_EXERCISE INSTRUCTIONS_:
Copy exactly the lines of the data below, beginning with the line with "Crni rebrasti bikini" and ending with the line with "Building Photo - 3 Bedroom Duplex!". Pictures are to be omitted.

_PROVIDED DATA_:
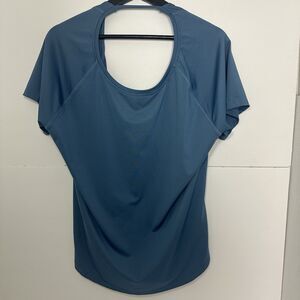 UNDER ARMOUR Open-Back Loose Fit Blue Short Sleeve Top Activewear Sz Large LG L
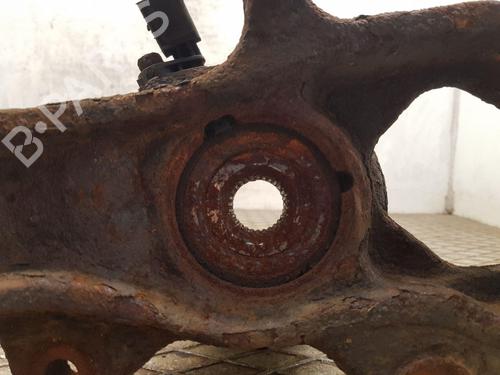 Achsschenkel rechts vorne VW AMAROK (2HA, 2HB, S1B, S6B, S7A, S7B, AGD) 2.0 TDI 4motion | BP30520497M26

...

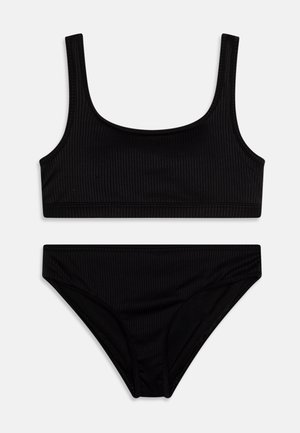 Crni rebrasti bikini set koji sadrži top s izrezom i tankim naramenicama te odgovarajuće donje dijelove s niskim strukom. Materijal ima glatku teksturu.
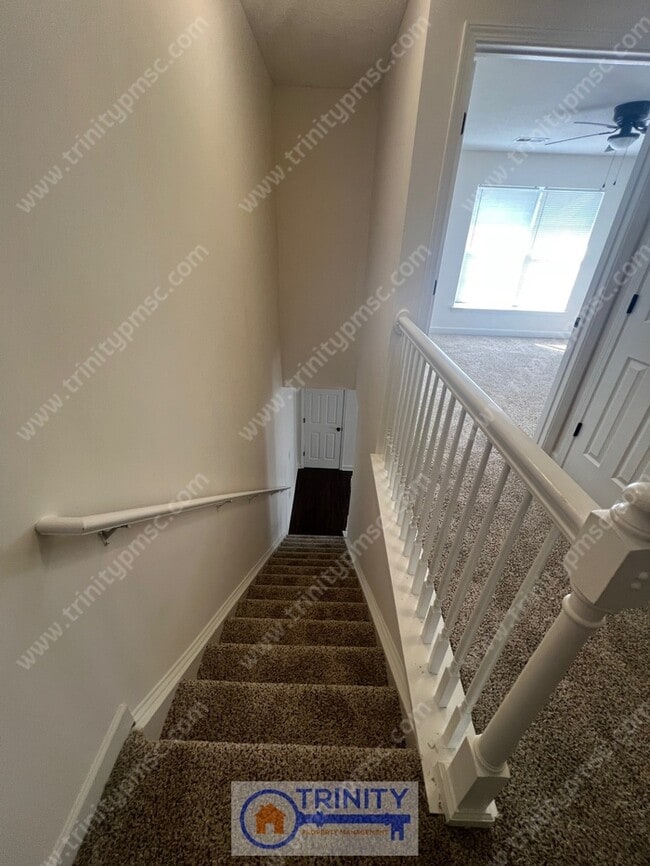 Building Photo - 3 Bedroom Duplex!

_EXERCISE SOLUTION_:
 Crni rebrasti bikini set koji sadrži top s izrezom i tankim naramenicama te odgovarajuće donje dijelove s niskim strukom. Materijal ima glatku teksturu.
 Building Photo - 3 Bedroom Duplex!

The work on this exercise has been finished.